La minifalda no parecía estar de moda. Vi montones de pantalones bombachos y de tejanos Levis metidos dentro de las botas. Habría aceptado cualquier sustituto, pero ninguna mujer hizo el menor gesto de acercamiento. Probablemente habían adivinado que era extranjero. ¡Malditas xenófobas! Nadie reparó en el adorno de cobre de las borlas de mis mocasines. Suze lo vio la primera vez que me los puse.

Un rato después me di por vencido. Aunque hacía diez o doce años que no fumaba, en ese instante deseé tener un cigarrillo al que darle una última calada y arrojarlo encendido al río mientras me alejaba.

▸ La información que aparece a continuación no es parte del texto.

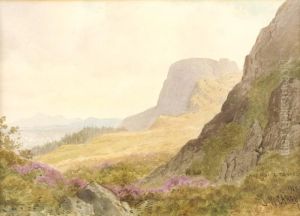 Cavehill & Donard by Joseph Carey Carey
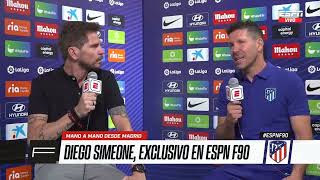 Cholo Simeone | Saber por que y para que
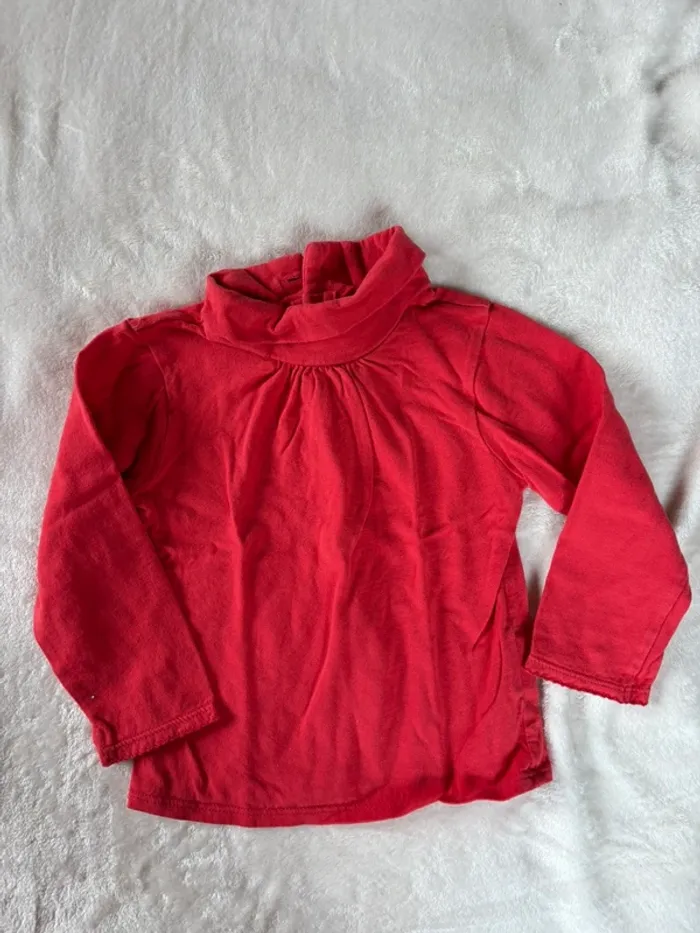 Pull fille
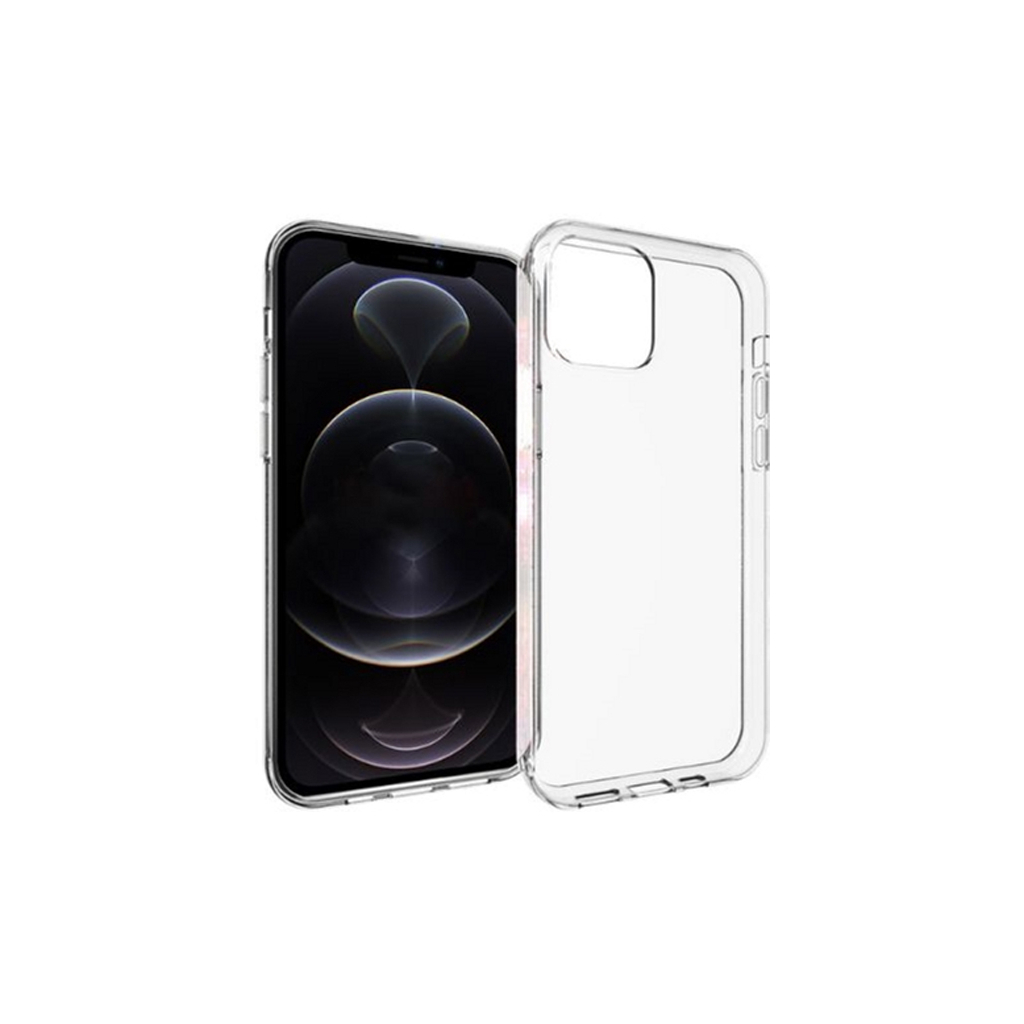 Чехол для моб. телефона Drobak Acrylic Case with Airbag Apple iPhone 12 Pro Max (707027) - 1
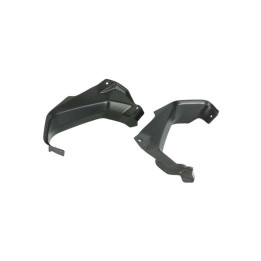 Panneaux intérieurs Lightech droite/gauche carbone | Oxmoto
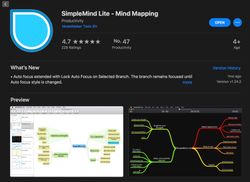 SimpleMind Lite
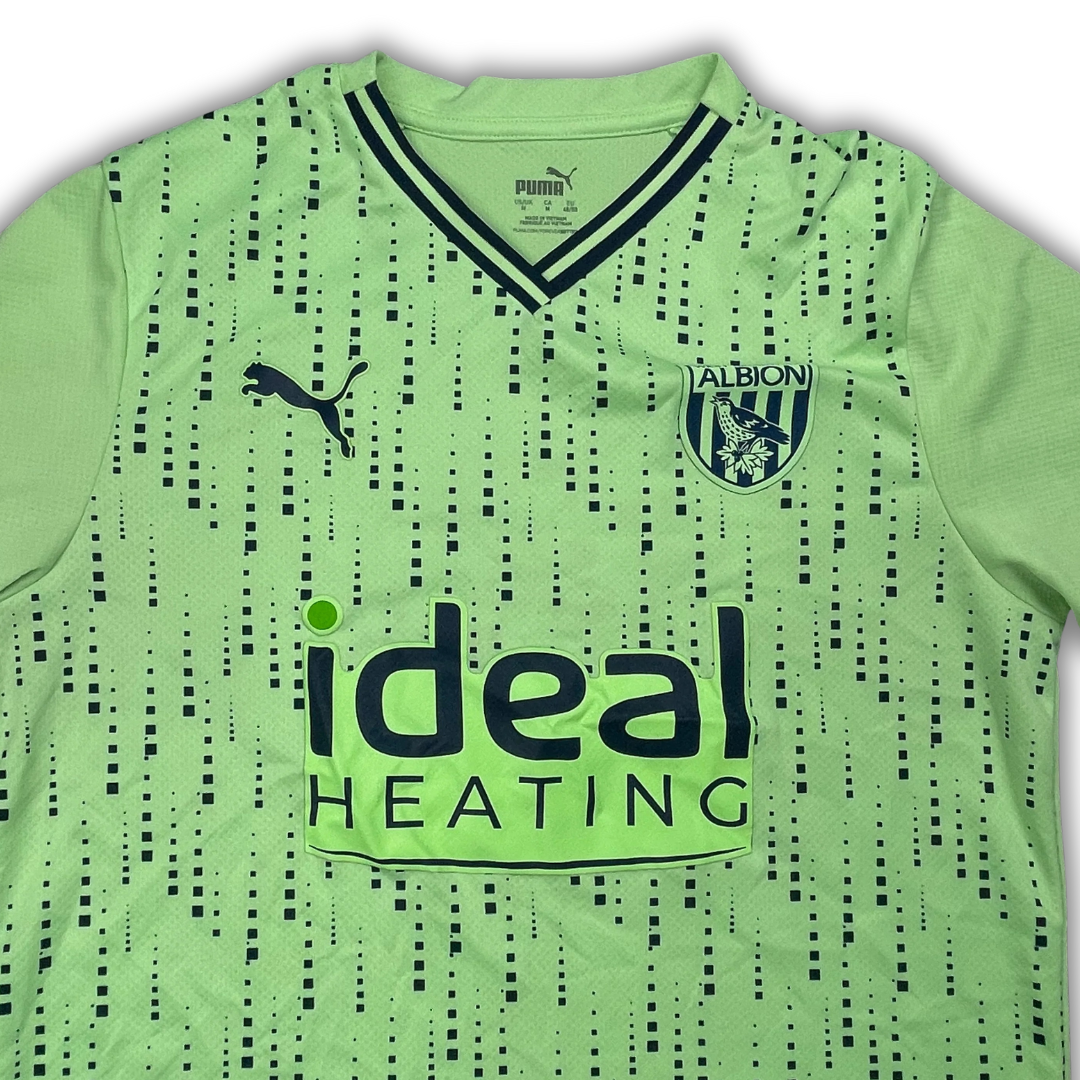 West Bromwich Albion 2023/24 Away Shirt (Excellent) - Size M
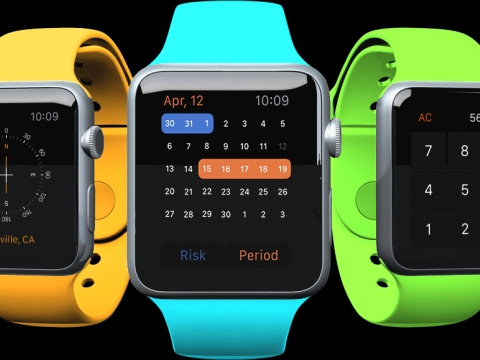 قالب سایت فروشگاه ساعتی smart-watch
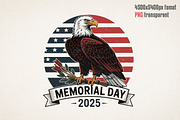 Memorial Day Sublimation Bundle, an Object Graphic by GlitterCraft (Thumbnail 31 of 61)
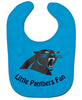 Carolina Panthers All Pro Little Fan Baby Bib - WinCraft
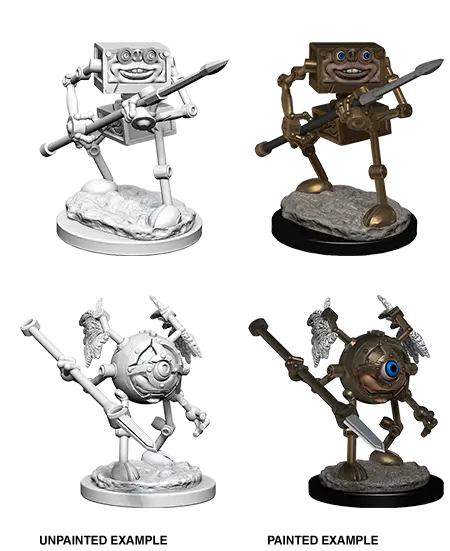 Monodrone & Duodrone 1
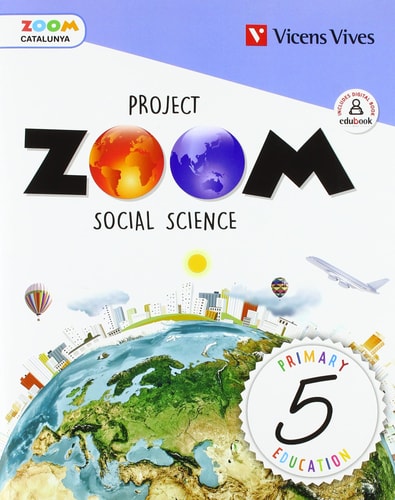 SOCIAL SCIENCE 5 CATALUNYA (ZOOM)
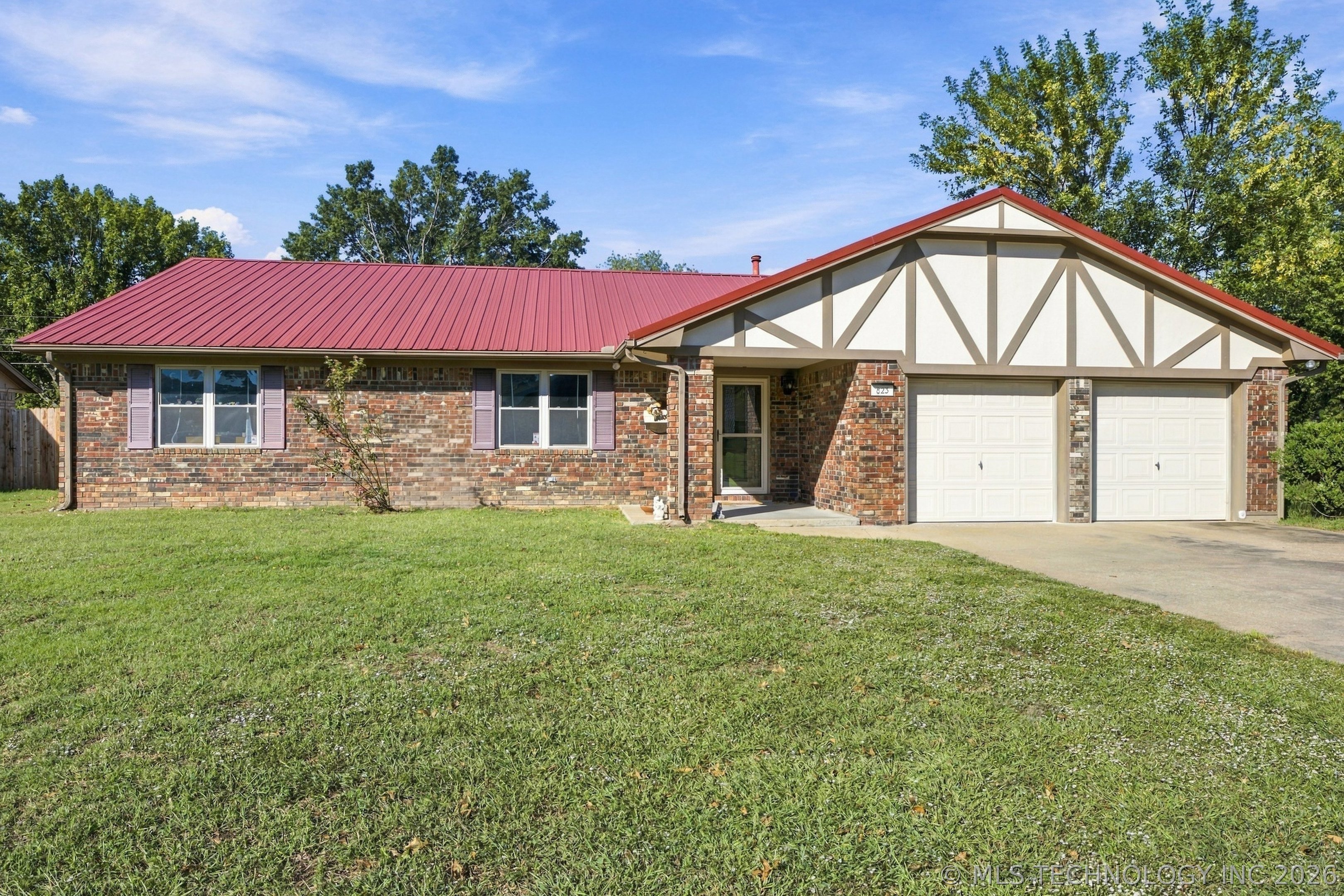 823 Belmont Street Muskogee OK 74403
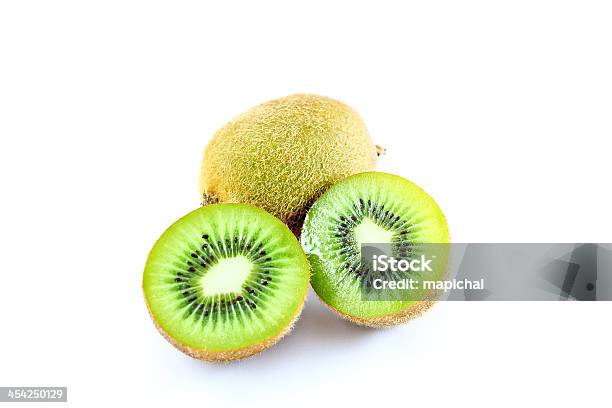 Kiwi Fruits Stock Photo - Download Image Now - Cut Out, Food, Fruit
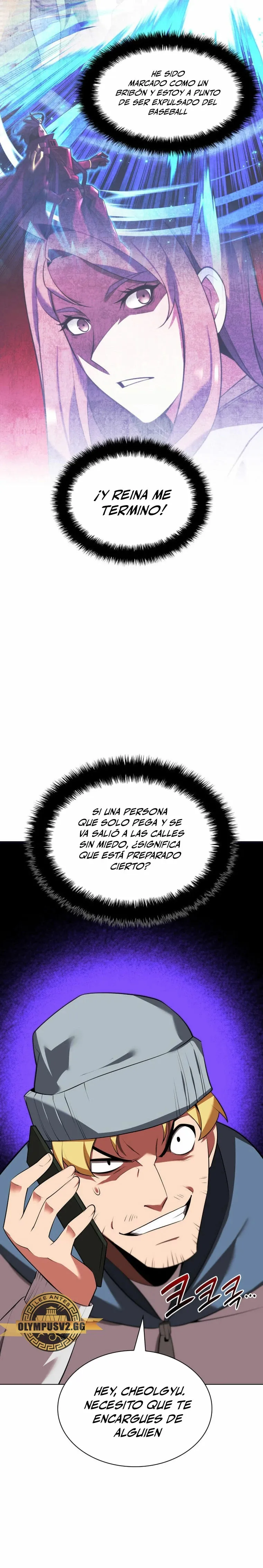 Overgeared Capítulo 198 en Línea - página 10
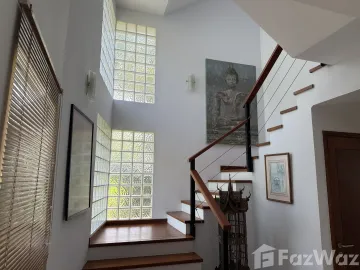 3-Bedroom Townhouse in Suan Tua Estate, Choeng Thale, Phuket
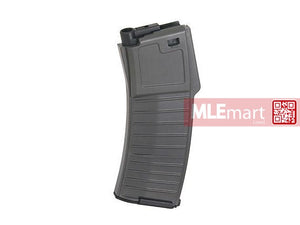 Dboys AEG PDW 100 rds Mid-Cap Plastic Magazine - MLEmart.com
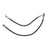 Dynamite Friction 350-67200 Brake Hydraulic Hose - Rear Left or Rear Left Lower
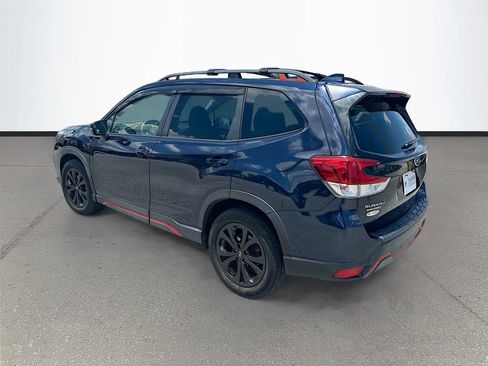 Used 2020 Subaru Forester Sport w/ Popular Package #2 AWD/4WD image 5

No fumar es positivo en el campo del cáncer de pulmón, pero muy negativo en el reino de los gestos dramáticos. En los márgenes de St. James's Park apareció un sendero llamado Birdcage y lo tomé. Probablemente lo hice a causa de mi romanticismo irlandés. Me condujo por el lado sur del parque hasta el palacio de Buckingham.

Me detuve un rato ante la entrada del palacio y contemplé el ancho y desnudo patio empedrado. «¿Cómo estás, Majestad?», dije para mis adentros. Existía un modo de saber si estaban o no en casa, pero no logré recordar cuál era la señal. Tampoco tenía demasiada importancia. Seguramente no moverían un dedo por mí.

Desde el monumento conmemorativo que se alzaba en el círculo, delante del palacio, salía un sendero que atravesaba Green Park hacia Piccadilly y mi hotel. Lo tomé. Me resultaba extraño caminar solo a través de un sitio oscuro poblado de árboles y hierbas, a un océano de distancia de casa. Pensé en mí cuando era un niño y en la cadena de acontecimientos que relacionaban a aquel chiquillo con el hombre de edad madura que se encontraba solo, por la noche, en un parque de Londres. El chiquillo prácticamente nada tenía que ver conmigo. Y el hombre de edad madura tampoco. Me sentía incompleto. Echaba de menos a Susan y antes nunca había añorado a alguien.

Volví a salir a Piccadilly, giré a la derecha y luego a la izquierda por Berkeley. Pasé delante del Mayfair y observé la plaza Berkeley, larga, estrecha y muy limpia. No oí el canto del ruiseñor. Me dije que algún día regresaría con Susan. Volví al hotel y pedí al servicio de habitación que me subiera cuatro cervezas.

– ¿Cuántos vasos, señor?

– Ninguno -respondí en tono tajante.

Cuando apareció el botones, le di una propina muy generosa para compensar mi brusquedad. Bebí las cuatro cervezas directamente de la botella y me acosté.

Por la mañana madrugué y puse un anuncio en el Times. Decía: «recompensa. Se ofrecen mil libras a cambio de información sobre organización denominada Libertad y muerte de tres mujeres en atentado con bombas en el restaurante Steinlee el 21 de agosto pasado. Llamar a Spenser al Hotel Mayfair, Londres.»